§ Mr. Prior
The Chief Constable and the GOC have issued clear instructions which ensure that baton rounds are used only when other means of controlling disturbances are ineffective and the risks are justified. I have reviewed the situation in the light of the recent inquest and I do not consider that the present instructions require amendment, but we continue to look for acceptable alternatives.
§ Mr. Dubs
Does the Minister accept that the evidence given at the inquest on this young boy showed that the plastic bullet gun was defective and that this defect contributed to, if not caused, the boy's death? Is not the conclusion, in the light of 14 deaths so far through the use of plastic and rubber bullets in Northern Ireland, that these are dangerous weapons and, unless they are banned, further deaths will follow?
§ Mr. Prior
As the hon. Gentleman knows, the defective weapon was one of the factors considered by the Director of Public Prosecutions, who decided that no prosecution should take place. I can give the House an example of the problems with which the police have to deal. Last Saturday, the police in Londonderry were attacked with 350 petrol bombs and in one night in May they were attacked by 500 petrol bombs and nine live shots. These are the problems that we ask our people in Northern Ireland to deal with, and they must have the weapons that they feel are necessary to protect themselves.

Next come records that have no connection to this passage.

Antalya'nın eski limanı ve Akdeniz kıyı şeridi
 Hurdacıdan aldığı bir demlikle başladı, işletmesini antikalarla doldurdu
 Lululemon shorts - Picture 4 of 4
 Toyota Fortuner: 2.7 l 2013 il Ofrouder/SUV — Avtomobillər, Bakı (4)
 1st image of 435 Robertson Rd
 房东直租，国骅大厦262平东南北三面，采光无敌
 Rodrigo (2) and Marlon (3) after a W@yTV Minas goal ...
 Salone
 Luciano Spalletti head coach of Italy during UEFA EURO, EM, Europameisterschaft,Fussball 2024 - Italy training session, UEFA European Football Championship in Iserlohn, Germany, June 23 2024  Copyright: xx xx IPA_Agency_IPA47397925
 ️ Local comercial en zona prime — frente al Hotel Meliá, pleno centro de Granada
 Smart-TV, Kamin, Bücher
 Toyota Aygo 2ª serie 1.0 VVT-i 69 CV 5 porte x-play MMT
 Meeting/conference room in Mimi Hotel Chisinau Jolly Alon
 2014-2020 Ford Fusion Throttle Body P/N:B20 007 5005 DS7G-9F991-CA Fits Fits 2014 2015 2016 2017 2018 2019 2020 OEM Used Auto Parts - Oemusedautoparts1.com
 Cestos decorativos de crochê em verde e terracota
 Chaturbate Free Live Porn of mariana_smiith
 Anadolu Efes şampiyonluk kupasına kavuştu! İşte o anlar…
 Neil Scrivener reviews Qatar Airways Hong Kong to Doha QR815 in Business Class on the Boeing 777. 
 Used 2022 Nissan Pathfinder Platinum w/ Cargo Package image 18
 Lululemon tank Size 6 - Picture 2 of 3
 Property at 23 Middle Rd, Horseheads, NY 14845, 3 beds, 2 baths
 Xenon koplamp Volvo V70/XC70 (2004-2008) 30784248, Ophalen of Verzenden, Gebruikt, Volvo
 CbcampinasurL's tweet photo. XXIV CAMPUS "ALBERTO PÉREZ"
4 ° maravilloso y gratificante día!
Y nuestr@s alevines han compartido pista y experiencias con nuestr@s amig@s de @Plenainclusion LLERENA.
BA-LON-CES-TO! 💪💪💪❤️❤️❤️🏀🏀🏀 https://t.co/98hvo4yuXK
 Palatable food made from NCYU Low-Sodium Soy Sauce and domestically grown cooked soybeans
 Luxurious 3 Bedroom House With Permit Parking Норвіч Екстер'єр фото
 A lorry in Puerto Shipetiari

Everything will be done to keep tight control on any use of plastic baton rounds. As hon. Members will know, the number that has been used in the past year is a fraction of 558 those used in previous years, and I am delighted that that is the case. The way to stop the use of plastic baton rounds is for young hooligans to be encouraged not to use petrol bombs.
§ Mr. Adley
Is my right hon. Friend aware that the House will be grateful to him for reminding us why the security forces have to use baton rounds—because of the terror and intimidation? Is it not a great credit to the security forces that they can carry out their duties when any other country's security forces, faced with this problem, would use not baton rounds but live bullets?
§ Mr. Prior
It is a constant source of wonderment and admiration that, in the light of enormous provocation, the Royal Ulster Constabulary and our forces in Northern Ireland behave in the manner they do. We should not underestimate what would happen if our forces in Northern Ireland were not as efficient, professional and impartial as they now are.